» Task: When you reach a picture, pass over it; otherwise repeat the listing word for word.

» Recorded information:
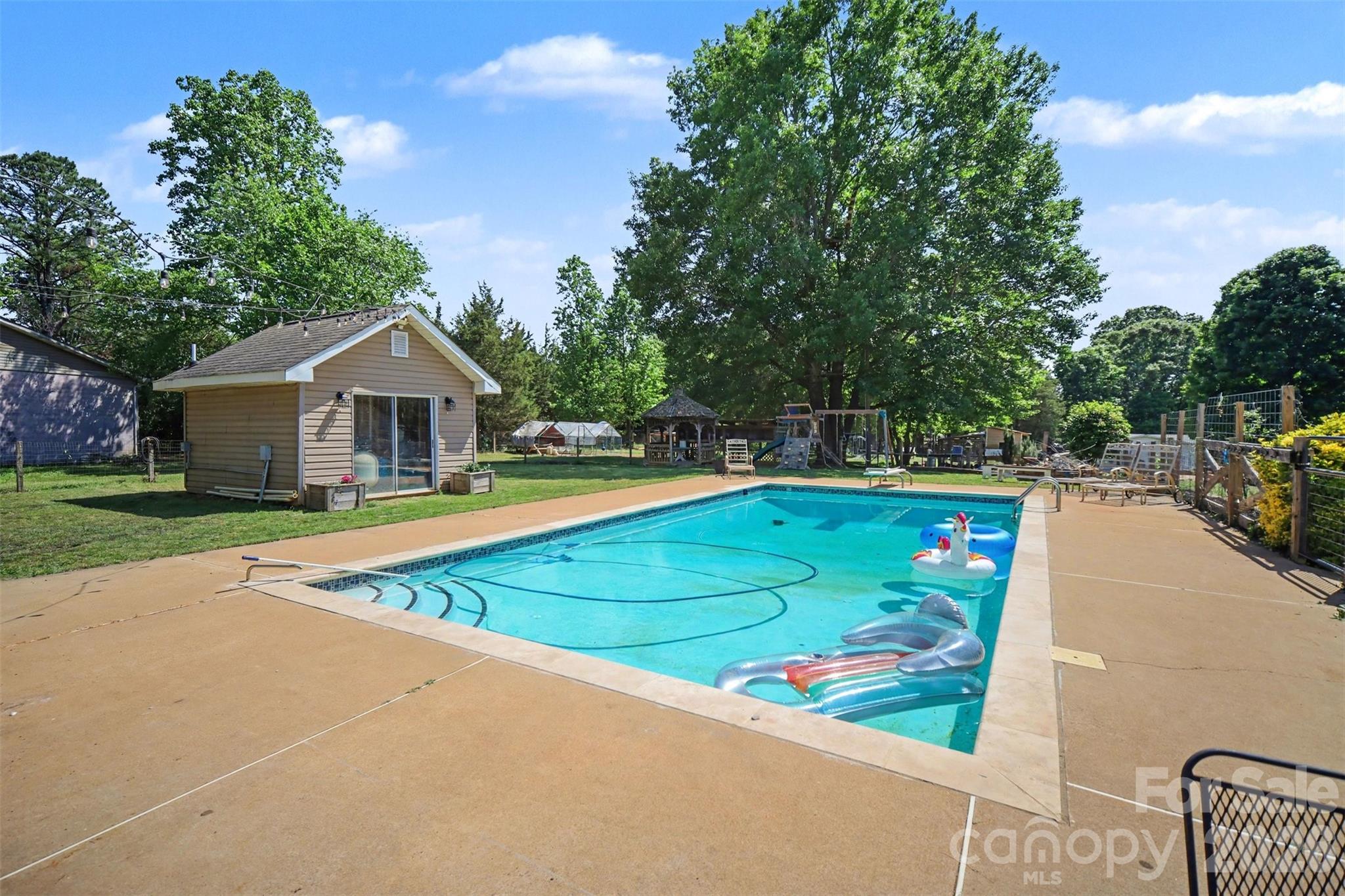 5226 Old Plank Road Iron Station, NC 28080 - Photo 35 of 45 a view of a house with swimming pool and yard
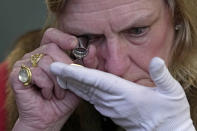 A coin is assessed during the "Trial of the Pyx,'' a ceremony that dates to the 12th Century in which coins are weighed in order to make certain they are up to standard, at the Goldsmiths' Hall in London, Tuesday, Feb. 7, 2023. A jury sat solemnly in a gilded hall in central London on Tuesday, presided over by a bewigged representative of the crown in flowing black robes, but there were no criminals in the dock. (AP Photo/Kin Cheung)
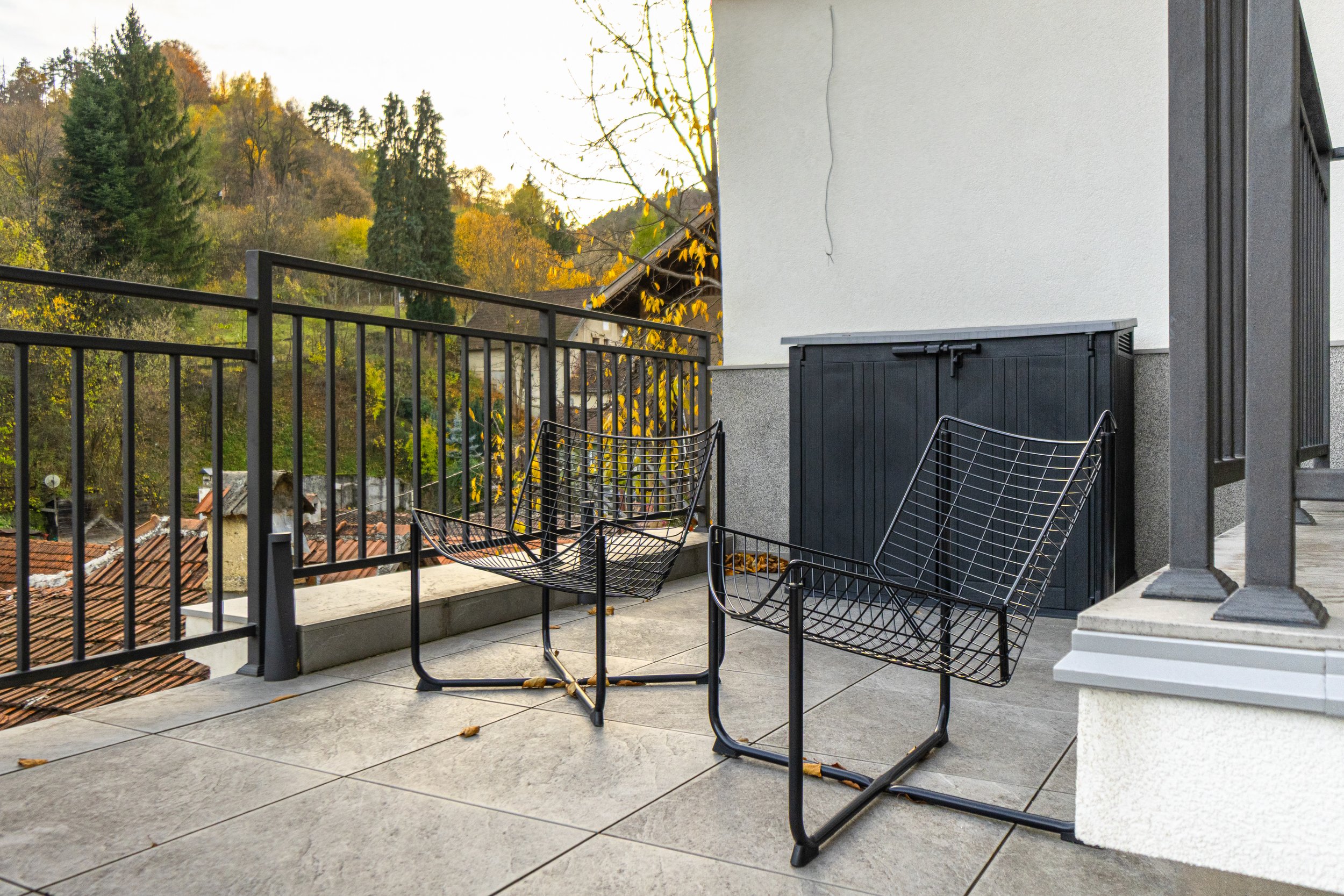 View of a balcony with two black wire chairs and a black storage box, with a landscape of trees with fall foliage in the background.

» Response to the exercise:
 5226 Old Plank Road Iron Station, NC 28080 - Photo 35 of 45 a view of a house with swimming pool and yard
 A coin is assessed during the "Trial of the Pyx,'' a ceremony that dates to the 12th Century in which coins are weighed in order to make certain they are up to standard, at the Goldsmiths' Hall in London, Tuesday, Feb. 7, 2023. A jury sat solemnly in a gilded hall in central London on Tuesday, presided over by a bewigged representative of the crown in flowing black robes, but there were no criminals in the dock. (AP Photo/Kin Cheung)
 View of a balcony with two black wire chairs and a black storage box, with a landscape of trees with fall foliage in the background.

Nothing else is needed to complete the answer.